Task to carry out: Produce word for word the lines of the data below running from the one that has "Rustic centerpiece with" to the one that has "Halal Cosmetic Nail", inclusive, and no others.

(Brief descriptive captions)
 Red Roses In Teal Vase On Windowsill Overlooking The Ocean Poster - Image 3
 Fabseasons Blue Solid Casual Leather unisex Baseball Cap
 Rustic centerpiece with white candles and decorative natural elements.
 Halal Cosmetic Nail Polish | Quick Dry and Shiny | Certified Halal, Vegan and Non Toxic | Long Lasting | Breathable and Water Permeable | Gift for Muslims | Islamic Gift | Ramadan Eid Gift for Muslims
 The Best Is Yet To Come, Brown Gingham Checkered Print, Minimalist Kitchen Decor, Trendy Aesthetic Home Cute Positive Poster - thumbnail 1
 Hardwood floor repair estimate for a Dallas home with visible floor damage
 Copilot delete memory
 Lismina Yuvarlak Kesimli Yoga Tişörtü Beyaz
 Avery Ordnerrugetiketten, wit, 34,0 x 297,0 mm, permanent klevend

Solved exercise:
 Rustic centerpiece with white candles and decorative natural elements.
 Halal Cosmetic Nail Polish | Quick Dry and Shiny | Certified Halal, Vegan and Non Toxic | Long Lasting | Breathable and Water Permeable | Gift for Muslims | Islamic Gift | Ramadan Eid Gift for Muslims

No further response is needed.